EXERCISE DIRECTIONS:
Below is a listing; retype exactly the line with "Facelift Before & After Patient #3840" and every line after it through the end, and only those, leaving out the pictures.

INFORMATION SUPPLIED:

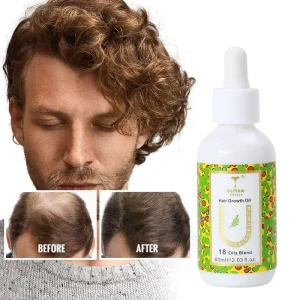Custom Logo 60ml/100ml Rosemary Peppermint Biotin Hair Growth Serum Hair Growth Oil Treatment for Regrowth
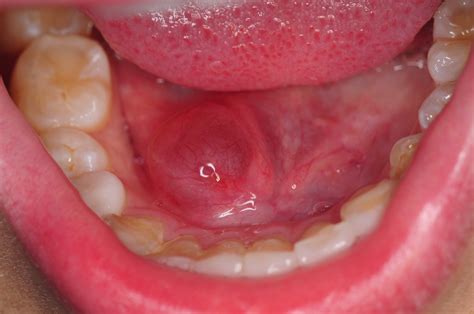 Swelling Related to Ranula Under The Tongue | Swelling Related to Ranula Under The Tongue ...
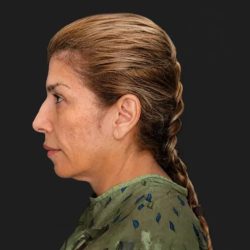 Facelift Before & After Patient #3840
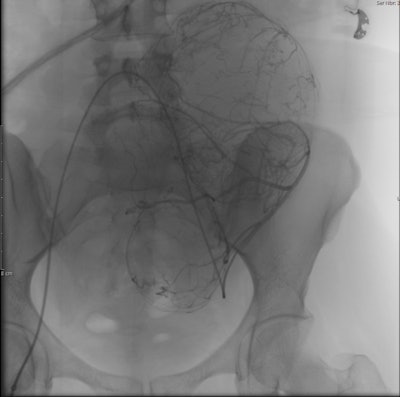 Left uterine fibroid embolization in progress.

PROBLEM SOLUTION:
 Facelift Before & After Patient #3840
 Left uterine fibroid embolization in progress.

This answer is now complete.